[Start of Attachment]

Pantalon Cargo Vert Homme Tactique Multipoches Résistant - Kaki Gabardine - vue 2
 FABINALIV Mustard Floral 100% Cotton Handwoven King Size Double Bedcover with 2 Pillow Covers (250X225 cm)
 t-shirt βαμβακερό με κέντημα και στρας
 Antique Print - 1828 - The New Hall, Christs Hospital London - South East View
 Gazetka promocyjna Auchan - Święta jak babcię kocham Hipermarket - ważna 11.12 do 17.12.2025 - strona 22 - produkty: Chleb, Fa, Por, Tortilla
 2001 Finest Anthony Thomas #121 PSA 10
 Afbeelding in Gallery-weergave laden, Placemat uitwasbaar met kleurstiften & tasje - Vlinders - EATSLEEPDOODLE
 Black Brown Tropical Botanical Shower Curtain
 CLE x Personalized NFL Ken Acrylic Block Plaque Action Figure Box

[End of Attachment]

__WORK TO BE COMPLETED__
Copy all records verbatim.

__SOLVED EXERCISE__
Pantalon Cargo Vert Homme Tactique Multipoches Résistant - Kaki Gabardine - vue 2
 FABINALIV Mustard Floral 100% Cotton Handwoven King Size Double Bedcover with 2 Pillow Covers (250X225 cm)
 t-shirt βαμβακερό με κέντημα και στρας
 Antique Print - 1828 - The New Hall, Christs Hospital London - South East View
 Gazetka promocyjna Auchan - Święta jak babcię kocham Hipermarket - ważna 11.12 do 17.12.2025 - strona 22 - produkty: Chleb, Fa, Por, Tortilla
 2001 Finest Anthony Thomas #121 PSA 10
 Afbeelding in Gallery-weergave laden, Placemat uitwasbaar met kleurstiften & tasje - Vlinders - EATSLEEPDOODLE
 Black Brown Tropical Botanical Shower Curtain
 CLE x Personalized NFL Ken Acrylic Block Plaque Action Figure Box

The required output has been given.